(Image-caption web data)
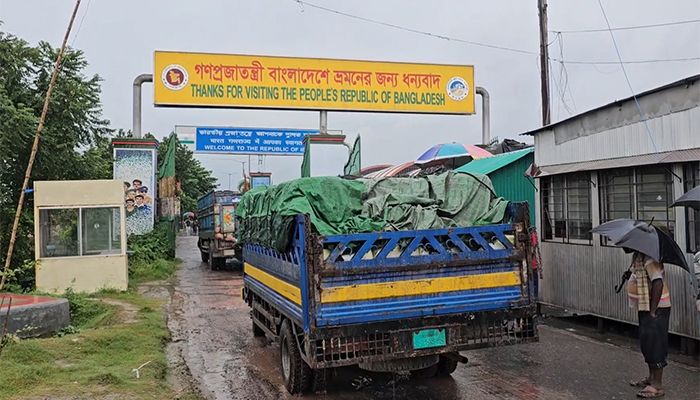 বেনাপোল দিয়ে পাঁচ চালানে ভারতে গেল ২৭৬ টন ইলিশ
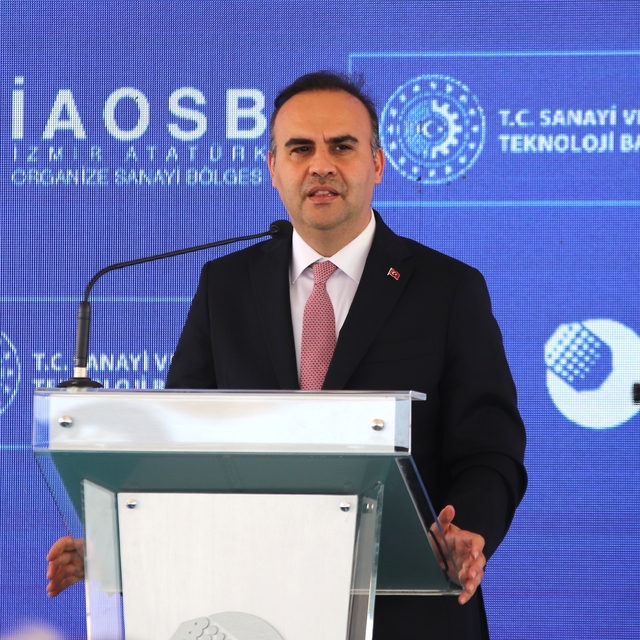 İzmir sanayisine 172 milyon liralık çamur kurutma tesisi yatırımı
Bakan Kac...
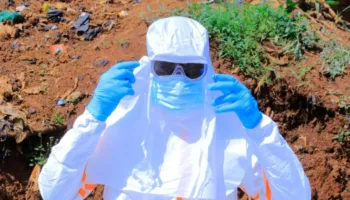 OBSH kërkon 518 milionë dollarë për të frenuar shpërthimin e Ebolës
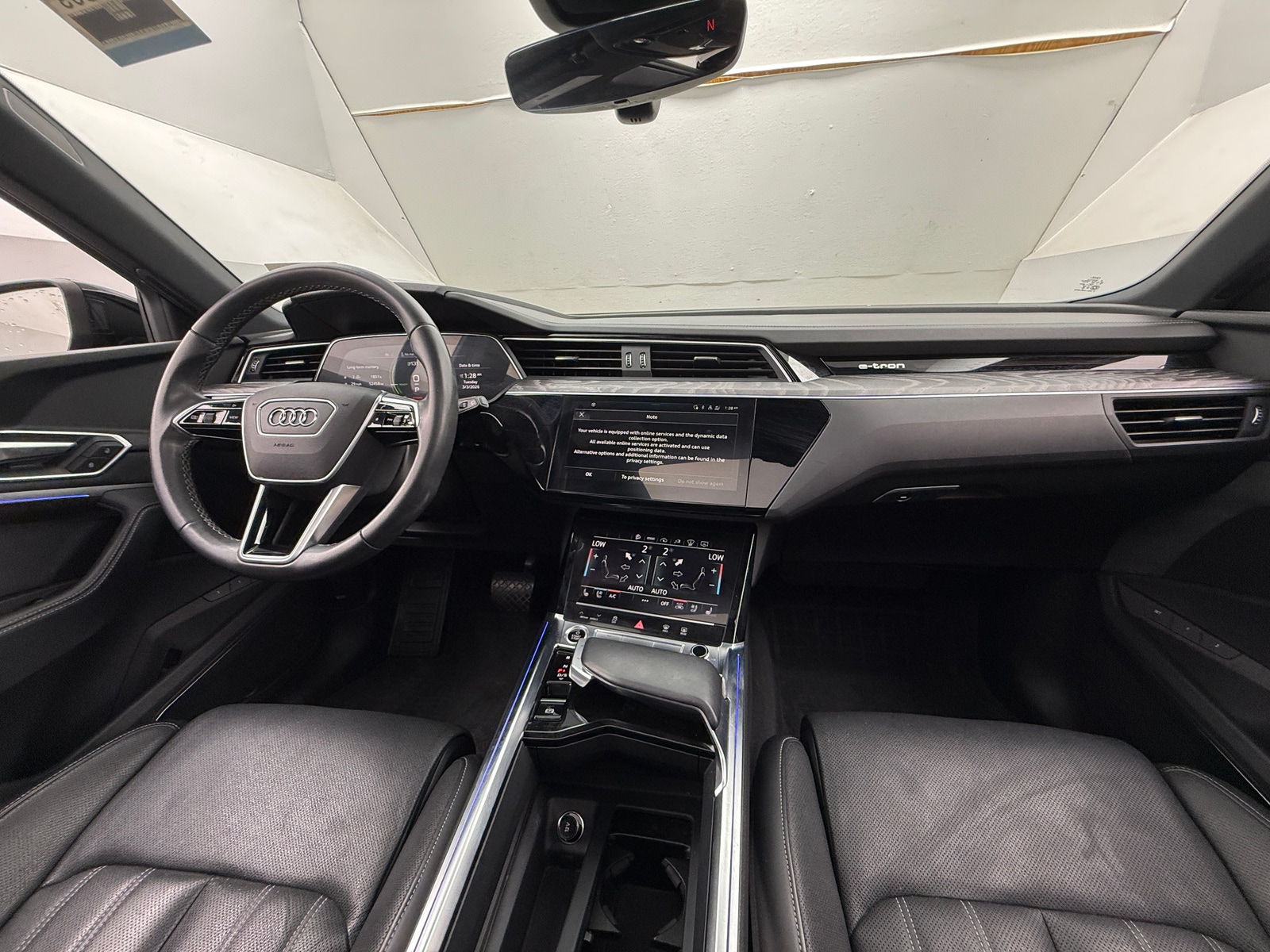 Thumbnail: 2022 Audi e-tron - 2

About this exercise: With the pictures removed, the entries above should be transcribed exactly.

Finished task:
 বেনাপোল দিয়ে পাঁচ চালানে ভারতে গেল ২৭৬ টন ইলিশ
 İzmir sanayisine 172 milyon liralık çamur kurutma tesisi yatırımı
Bakan Kac...
 OBSH kërkon 518 milionë dollarë për të frenuar shpërthimin e Ebolës
 Thumbnail: 2022 Audi e-tron - 2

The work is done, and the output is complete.